With the exception of the embassy sent from Ceylon to Rome in the reign of the Emperor Claudius[1], the earliest diplomatic intercourse with foreigners of which a record exists, occurred in the fourth or fifth centuries, when the Singhalese appear to have sent ambassadors to the Emperor Julian[2], and for the first time to have established a friendly connection with China.  It is strange, considering the religious sympathies which united the two people, that the native chronicles make no mention of the latter negotiations or their results, so that we learn of them only through Chinese historians.  The Encyclopoedia of MA-TOUAN-LIN, written at the close of the thirteenth century[3], records that Ceylon first entered into political relations with China in the fourth century.[4] It was about the year 400 A.D., says the author, “in the reign of the Emperor Nyan-ti, that ambassadors arrived from Ceylon bearing a statue of Fo in jade-stone four feet two inches high, painted in five colours, and of such singular beauty that one would have almost doubted its being a work of human ingenuity.  It was placed in the Buddhist temple at Kien-Kang (Nankin).”  In the year 428 A.D., the King of Ceylon (Maha Nama) sent envoys to offer tribute, and this homage was repeated between that period and A.D. 529, by three other Singhalese kings, whose names it is difficult to identify with their Chinese designations of Kia-oe, Kia-lo, and the Ho-li-ye.

[Footnote 1:  PLINY, lib. vi. c. 24.]

[Footnote 2:  AMMIANUS MARCELLINUS, lib.  XX. c. 7.]

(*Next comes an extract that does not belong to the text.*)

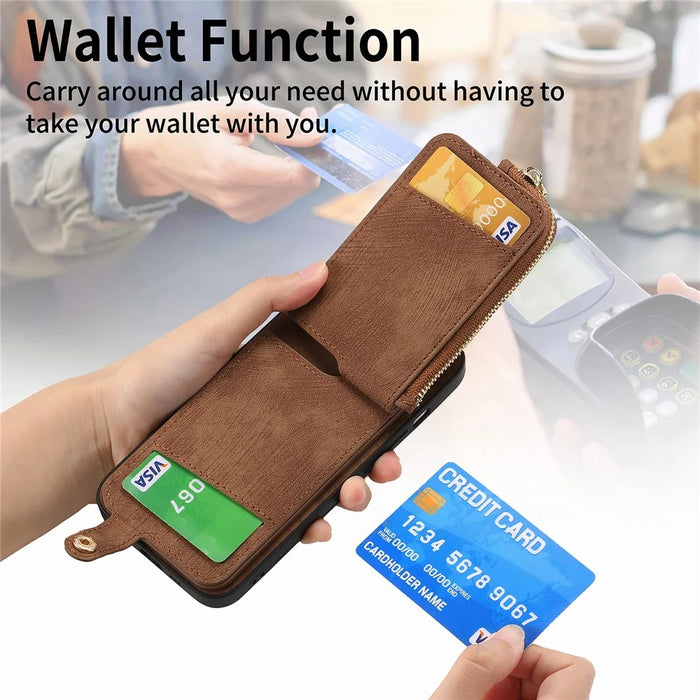 For Samsung Galaxy S26 Ultra Leather Phone Back Cover with Zipper Wallet and Ring Kickstand - Brown - 7
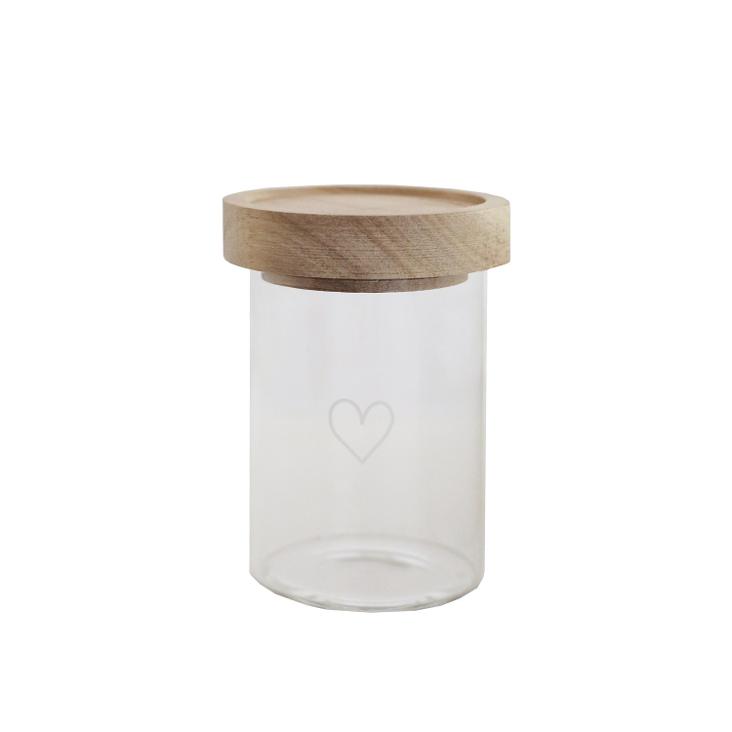 MINI VORRATSGLAS HERZ WEISS EINZELN 9 CM - 1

[Footnote 3:  KLAPROTH doubts, “si la science de l’Europe a produit jusqu’a present un ouvrage de ce genre aussi bien execute et capable de soutenir la comparaison avec cette encyclopedie chinoise.”—­Journ.  Asiat. tom. xxi. p. 3.  See also Asiatic Journal, London, 1832, xxxv. p. 110.  It has been often reprinted in 100 large volumes.  M. STANISLAS JULIEN says that in another Chinese work, Pien-i-tien, or The History of Foreign Nations, there is a compilation including every passage in which Chinese authors have written of Ceylon, which occupies about forty pages 4to. Ib. tom. xxix. p. 39.  A number of these authorities will be found extracted in the chapter in which I have described the intercourse between China and Ceylon, Vol.  I. P. v. ch. iii.]